In the 45th District, Levine was ousted by Alexandria Vice Mayor Elizabeth Bennett-Parker, who will move on to the general election against Republican opposition in the Democratic-heavy district that is centered on Alexandria but also includes slivers of Arlington and Fairfax counties.
Bennett-Parker received 9,310 votes, or 59.3 percent, to 6,402 for Levine in complete but unofficial results reported by Virginia Public Access Project.
Bennett-Parker did best in the 17 precincts in the city of Alexandria, rolling up 60 percent of the vote there. But she also garnered majorities in the six Arlington precincts (53 percent) and three Fairfax County precincts (55 percent).
During the campaign, Bennett-Parker rolled up endorsements from local leaders, something Levine struggled to match.
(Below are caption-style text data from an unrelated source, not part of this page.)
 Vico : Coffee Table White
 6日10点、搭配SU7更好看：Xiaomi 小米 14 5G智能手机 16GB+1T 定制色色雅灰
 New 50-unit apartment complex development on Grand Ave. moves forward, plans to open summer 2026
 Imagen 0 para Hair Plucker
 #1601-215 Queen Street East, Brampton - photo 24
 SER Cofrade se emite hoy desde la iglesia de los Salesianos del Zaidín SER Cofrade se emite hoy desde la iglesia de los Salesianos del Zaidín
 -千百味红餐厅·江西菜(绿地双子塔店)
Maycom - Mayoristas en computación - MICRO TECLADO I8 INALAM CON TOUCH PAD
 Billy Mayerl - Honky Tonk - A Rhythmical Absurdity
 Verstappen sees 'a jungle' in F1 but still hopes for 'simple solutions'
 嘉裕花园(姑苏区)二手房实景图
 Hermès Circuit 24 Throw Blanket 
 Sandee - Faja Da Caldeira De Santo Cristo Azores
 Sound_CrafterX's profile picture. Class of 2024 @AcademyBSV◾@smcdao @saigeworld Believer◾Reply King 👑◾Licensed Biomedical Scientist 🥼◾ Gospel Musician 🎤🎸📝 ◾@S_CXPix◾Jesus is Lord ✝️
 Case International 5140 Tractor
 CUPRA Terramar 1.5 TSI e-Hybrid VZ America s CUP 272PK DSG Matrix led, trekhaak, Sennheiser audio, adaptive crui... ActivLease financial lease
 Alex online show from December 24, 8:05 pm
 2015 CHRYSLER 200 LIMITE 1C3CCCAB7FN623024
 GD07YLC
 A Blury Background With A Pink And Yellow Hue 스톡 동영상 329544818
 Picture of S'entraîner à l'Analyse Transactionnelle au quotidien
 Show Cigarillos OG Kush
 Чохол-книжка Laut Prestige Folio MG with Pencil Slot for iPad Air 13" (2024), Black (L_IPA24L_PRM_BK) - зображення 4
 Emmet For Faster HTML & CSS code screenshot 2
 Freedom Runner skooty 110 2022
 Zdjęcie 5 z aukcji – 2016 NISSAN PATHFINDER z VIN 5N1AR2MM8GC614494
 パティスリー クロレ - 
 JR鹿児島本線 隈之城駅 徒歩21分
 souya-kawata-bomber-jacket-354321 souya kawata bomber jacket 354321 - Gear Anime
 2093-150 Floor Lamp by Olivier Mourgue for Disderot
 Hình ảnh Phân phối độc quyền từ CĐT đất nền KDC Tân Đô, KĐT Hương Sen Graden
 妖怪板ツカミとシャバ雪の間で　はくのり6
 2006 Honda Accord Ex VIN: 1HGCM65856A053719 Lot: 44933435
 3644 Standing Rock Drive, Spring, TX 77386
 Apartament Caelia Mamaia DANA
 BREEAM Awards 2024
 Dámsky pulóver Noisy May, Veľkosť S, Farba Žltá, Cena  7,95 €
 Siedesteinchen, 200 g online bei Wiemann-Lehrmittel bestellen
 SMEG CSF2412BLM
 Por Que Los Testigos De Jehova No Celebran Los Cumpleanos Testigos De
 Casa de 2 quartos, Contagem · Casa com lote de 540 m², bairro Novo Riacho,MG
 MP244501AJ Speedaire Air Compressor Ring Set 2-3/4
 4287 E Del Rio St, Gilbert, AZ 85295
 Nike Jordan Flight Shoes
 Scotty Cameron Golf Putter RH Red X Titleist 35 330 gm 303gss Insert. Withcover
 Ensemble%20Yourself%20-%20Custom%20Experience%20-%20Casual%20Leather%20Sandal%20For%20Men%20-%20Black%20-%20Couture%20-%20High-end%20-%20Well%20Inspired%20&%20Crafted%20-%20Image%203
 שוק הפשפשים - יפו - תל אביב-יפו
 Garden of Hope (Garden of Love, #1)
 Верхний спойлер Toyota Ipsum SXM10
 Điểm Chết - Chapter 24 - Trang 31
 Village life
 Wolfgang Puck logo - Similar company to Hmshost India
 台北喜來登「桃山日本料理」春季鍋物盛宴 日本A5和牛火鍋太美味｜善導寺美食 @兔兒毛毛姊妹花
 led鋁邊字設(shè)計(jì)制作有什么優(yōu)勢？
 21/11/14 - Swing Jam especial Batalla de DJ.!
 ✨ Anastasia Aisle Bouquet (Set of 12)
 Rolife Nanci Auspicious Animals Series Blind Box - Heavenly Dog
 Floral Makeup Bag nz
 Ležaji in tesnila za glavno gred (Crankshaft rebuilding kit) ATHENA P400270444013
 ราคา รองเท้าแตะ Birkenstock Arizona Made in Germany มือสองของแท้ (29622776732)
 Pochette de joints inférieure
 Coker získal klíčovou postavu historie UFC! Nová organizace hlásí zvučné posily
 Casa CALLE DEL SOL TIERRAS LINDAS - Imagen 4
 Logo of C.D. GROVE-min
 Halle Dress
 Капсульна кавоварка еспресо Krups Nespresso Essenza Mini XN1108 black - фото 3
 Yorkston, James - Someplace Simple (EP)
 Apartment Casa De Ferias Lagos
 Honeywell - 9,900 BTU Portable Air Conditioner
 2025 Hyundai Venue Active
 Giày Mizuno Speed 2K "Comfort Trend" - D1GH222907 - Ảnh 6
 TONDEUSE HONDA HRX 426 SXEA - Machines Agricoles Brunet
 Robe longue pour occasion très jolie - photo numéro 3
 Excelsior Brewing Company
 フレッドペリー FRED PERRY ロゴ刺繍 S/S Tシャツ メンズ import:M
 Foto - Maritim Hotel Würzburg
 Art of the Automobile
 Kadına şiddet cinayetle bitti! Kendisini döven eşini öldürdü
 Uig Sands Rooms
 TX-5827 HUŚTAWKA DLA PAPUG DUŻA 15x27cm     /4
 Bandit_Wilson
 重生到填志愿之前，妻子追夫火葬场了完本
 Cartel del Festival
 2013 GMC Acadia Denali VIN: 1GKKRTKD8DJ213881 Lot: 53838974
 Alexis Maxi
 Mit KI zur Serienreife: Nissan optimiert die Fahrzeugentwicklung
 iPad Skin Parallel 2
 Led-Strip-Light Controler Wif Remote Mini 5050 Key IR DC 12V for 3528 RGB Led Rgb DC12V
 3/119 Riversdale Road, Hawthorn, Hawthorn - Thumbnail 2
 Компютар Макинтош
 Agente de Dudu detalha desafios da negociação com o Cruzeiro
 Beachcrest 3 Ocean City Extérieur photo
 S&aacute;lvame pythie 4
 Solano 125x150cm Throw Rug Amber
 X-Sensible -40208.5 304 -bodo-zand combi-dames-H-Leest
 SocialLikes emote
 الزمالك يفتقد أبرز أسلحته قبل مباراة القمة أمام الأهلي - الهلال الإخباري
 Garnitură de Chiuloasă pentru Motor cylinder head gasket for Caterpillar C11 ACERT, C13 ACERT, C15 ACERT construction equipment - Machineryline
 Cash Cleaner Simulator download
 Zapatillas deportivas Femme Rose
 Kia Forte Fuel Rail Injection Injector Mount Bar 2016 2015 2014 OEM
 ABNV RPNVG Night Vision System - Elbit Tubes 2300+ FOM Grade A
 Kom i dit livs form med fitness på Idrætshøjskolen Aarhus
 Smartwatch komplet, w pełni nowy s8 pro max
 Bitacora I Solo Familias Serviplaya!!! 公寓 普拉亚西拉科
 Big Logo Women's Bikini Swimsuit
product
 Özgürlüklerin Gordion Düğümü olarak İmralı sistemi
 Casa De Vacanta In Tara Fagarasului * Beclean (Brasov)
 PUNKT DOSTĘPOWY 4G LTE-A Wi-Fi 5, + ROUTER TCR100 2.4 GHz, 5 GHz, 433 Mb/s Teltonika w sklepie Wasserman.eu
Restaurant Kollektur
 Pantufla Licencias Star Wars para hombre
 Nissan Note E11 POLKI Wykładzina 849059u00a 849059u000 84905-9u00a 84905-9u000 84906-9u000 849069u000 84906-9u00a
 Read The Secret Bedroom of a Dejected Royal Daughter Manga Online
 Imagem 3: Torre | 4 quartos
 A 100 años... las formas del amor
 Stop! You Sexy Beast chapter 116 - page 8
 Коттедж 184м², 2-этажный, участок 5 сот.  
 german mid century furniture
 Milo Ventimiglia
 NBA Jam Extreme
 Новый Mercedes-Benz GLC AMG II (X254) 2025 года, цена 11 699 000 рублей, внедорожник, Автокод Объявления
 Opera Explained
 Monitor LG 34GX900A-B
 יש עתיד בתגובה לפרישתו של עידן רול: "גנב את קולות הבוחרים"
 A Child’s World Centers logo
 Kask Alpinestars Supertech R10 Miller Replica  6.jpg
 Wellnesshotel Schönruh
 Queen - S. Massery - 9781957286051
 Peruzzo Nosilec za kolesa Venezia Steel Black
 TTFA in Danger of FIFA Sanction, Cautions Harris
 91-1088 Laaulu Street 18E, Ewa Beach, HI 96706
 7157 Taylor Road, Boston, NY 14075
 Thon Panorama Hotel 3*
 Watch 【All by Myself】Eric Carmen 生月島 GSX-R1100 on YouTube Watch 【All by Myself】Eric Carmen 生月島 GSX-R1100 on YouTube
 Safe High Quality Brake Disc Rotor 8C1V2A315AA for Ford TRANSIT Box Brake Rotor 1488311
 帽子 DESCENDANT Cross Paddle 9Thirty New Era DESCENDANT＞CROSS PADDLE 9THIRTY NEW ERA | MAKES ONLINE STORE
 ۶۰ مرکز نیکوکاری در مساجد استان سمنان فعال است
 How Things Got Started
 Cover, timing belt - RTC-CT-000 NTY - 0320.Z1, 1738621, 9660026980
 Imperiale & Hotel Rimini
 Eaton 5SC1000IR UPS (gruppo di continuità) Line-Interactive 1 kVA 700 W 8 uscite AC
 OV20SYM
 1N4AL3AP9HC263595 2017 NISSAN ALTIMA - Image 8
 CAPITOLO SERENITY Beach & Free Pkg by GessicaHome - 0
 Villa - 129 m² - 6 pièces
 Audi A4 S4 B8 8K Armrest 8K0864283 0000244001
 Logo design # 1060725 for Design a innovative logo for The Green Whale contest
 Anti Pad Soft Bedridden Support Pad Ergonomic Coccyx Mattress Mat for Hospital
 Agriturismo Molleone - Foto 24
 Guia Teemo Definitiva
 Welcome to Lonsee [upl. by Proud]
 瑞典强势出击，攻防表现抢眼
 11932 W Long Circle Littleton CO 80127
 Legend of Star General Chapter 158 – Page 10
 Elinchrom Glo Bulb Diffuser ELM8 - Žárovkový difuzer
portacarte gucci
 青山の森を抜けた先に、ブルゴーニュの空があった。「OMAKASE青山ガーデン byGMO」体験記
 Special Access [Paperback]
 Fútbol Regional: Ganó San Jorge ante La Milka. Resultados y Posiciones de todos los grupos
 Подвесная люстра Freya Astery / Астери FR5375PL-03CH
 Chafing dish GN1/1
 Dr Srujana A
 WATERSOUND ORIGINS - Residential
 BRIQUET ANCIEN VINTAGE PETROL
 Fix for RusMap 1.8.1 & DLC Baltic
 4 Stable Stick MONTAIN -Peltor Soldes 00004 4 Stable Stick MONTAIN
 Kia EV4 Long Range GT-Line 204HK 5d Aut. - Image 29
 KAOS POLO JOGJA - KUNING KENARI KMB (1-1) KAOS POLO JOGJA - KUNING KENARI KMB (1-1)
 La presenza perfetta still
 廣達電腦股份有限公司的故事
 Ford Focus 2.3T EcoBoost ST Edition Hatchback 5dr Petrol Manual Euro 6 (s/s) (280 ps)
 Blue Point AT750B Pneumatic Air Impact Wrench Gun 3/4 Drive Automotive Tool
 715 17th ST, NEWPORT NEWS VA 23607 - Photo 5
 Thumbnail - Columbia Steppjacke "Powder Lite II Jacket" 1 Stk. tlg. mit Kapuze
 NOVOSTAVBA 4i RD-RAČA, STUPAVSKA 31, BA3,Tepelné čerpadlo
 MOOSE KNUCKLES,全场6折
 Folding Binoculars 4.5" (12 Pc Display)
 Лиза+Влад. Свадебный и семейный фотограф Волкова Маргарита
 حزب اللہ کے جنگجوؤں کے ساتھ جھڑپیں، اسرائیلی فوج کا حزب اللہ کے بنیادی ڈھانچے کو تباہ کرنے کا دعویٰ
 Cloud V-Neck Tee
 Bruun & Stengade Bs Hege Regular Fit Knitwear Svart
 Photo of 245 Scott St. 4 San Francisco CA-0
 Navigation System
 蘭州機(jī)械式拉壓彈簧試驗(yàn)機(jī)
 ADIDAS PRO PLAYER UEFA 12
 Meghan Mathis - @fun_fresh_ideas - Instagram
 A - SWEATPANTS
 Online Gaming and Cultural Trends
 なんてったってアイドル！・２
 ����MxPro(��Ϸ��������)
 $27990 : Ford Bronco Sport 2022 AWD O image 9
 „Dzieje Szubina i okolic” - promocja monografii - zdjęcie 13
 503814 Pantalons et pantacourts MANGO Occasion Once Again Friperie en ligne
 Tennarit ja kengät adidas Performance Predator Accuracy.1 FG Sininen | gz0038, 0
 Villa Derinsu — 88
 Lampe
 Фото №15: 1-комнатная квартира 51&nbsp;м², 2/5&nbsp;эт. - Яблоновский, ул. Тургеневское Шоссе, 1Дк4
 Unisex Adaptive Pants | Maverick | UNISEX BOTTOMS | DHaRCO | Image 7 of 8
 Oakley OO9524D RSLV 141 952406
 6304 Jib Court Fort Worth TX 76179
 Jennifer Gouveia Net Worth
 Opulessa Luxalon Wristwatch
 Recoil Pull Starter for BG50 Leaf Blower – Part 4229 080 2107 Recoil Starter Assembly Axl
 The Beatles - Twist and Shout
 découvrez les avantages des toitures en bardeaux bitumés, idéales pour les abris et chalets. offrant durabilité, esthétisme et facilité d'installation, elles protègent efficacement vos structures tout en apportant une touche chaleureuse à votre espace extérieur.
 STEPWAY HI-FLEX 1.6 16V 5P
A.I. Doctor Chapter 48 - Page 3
The Sun Gazette’s endorsement went to Bennett-Parker.
Though not past the finish line until November, Bennett-Parker clearly has her eyes focused on ultimate victory.
“I look forward to working with all of the Democratic nominees to win in November, and to representing all of the district in Richmond,” she said in a statement after the results were known. “Special thanks to our incredible team of volunteers who made phone calls, knocked on doors, talked to your neighbors, and handed out campaign literature. This is a grass-roots campaign.”
As with his bid for renomination, Levine’s quixotic quest for lieutenant governor also ended badly. He finished a distant third among six candidates, receiving 11.3 percent of the vote despite self-funding his effort to the tune of hundreds of thousands of dollars. The race was won by Hala Ayala, who came away with 37.4 percent of the overall vote.
Levine suffered the same fate as Del. Lee Carter, who lost re-election to his Prince William County seat while making little impression in his bid for the Democratic nomination for governor, a race won by Terry McAuliffe. Carter received 2.8 percent of the vote for governor, finishing fifth out of five.
Levine was first elected in 2015, and will remain in legislative office until the end of the year. As a result, he will participate in what is expected to be a special session likely to be called by Gov. Northam later in the year.